Walk through Limbe Market on any given day and you will encounter a familiar sight.
A man in torn clothes extends a trembling hand. A woman carrying a child tells a story of hardship. Their message is simple: look at my suffering and help me survive.

There is nothing remarkable about that. Poverty exists everywhere. People in desperate circumstances do what they must to get through another day.
What is remarkable is that, over the years, Malawi appears to have elevated this survival strategy into a national development model.

We have become a country that has perfected the art of commodifying poverty. The begging bowl is no longer held only by the desperate individual on the street corner. It has been institutionalized. It has been professionalized. It has become one of the country's most sophisticated and enduring industries.

And it raises an uncomfortable question: If poverty is constantly being discussed, researched, photographed, measured, monitored, evaluated, funded, workshopped, strategized and reported on, who exactly is making money from it?

Because it certainly does not appear to be the poor.
For decades, billions of dollars in aid have flowed into Malawi. Governments have come and gone. Poverty reduction strategies have been launched and relaunched. Vision 2020 was followed by Vision 2063. We have had the Malawi Growth and Development Strategies, donor compacts, emergency interventions, resilience programmes, climate adaptation projects, food security initiatives and countless NGO-led activities.

Yet poverty remains one of the defining features of our national identity. That reality should force us to ask a question that few are willing to confront. Has poverty in Malawi become less of a problem to solve and more of an asset to manage?

The answer may lie in what development critics have called the Poverty Industrial Complex.
This is not a conspiracy. It is something far more powerful: a system of incentives.

In such a system, poverty creates funding. Funding creates projects. Projects create jobs. Jobs create careers. Careers create institutions.
And institutions develop a vested interest in their own continuation.
The result is a strange paradox. Entire livelihoods become dependent on the existence of the very problem they are supposed to eliminate.

The implications are unsettling.
If poverty disappeared from Malawi tomorrow, what would happen to the thousands of consultants, project coordinators, programme officers, researchers, evaluators, workshop facilitators, aid experts and development contractors whose professional existence depends on poverty-related funding?

What would happen to the conference industry?
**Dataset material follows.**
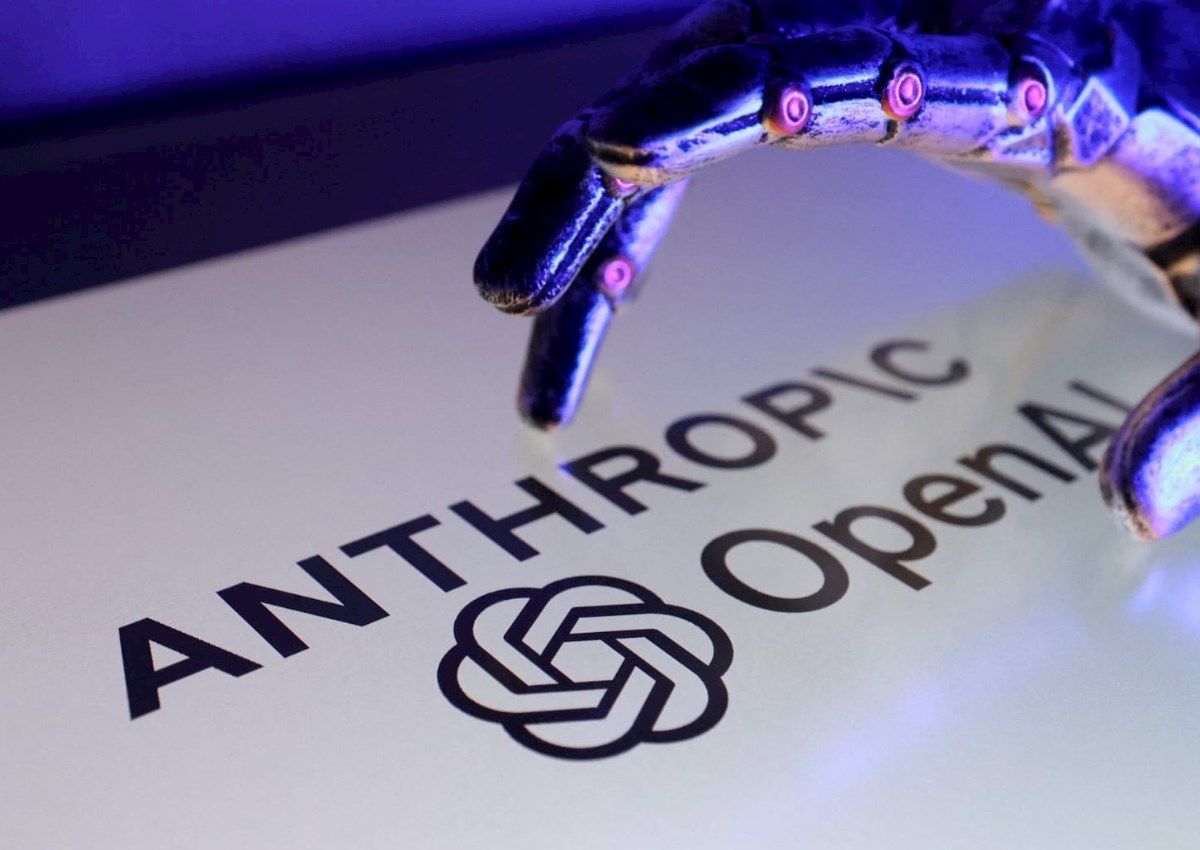 Dünyanın ən dəyərli süni intellekt şirkəti açıqlandı -  Artıq "OpenAI" deyil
The workshop hotels? The per diem economy?
The endless cycle of baseline studies, stakeholder consultations, validation meetings, review meetings, monitoring visits and evaluation exercises?

What would happen to the fleets of four-wheel-drive vehicles carrying the logos of organizations dedicated to fighting poverty?

Again, this is not an accusation that NGOs, donors or development professionals want poor people to remain poor. It is an observation about incentives.

The business of poverty often rewards its managers far more reliably than it rewards its intended beneficiaries.

Consider the development workshop culture that has become deeply embedded within Malawi's bureaucracy.

Every single day, millions of dollars are spent on capacity building. Civil servants attend workshops. Consultants produce reports. Allowances are paid. Hotels are booked. Conference rooms are filled. Lunches are served. Recommendations are made. Action plans are drafted.

And then another workshop is organized to review the outcomes of the previous workshop.

Somewhere in this cycle, poverty itself becomes secondary. The process becomes the product. One uncomfortable question deserves to be asked.

How many poor Malawians have become wealthy because of poverty reduction programmes?

Now compare that number with the number of middle-class professionals whose careers, mortgages, school fees and lifestyles have been financed by those same programmes.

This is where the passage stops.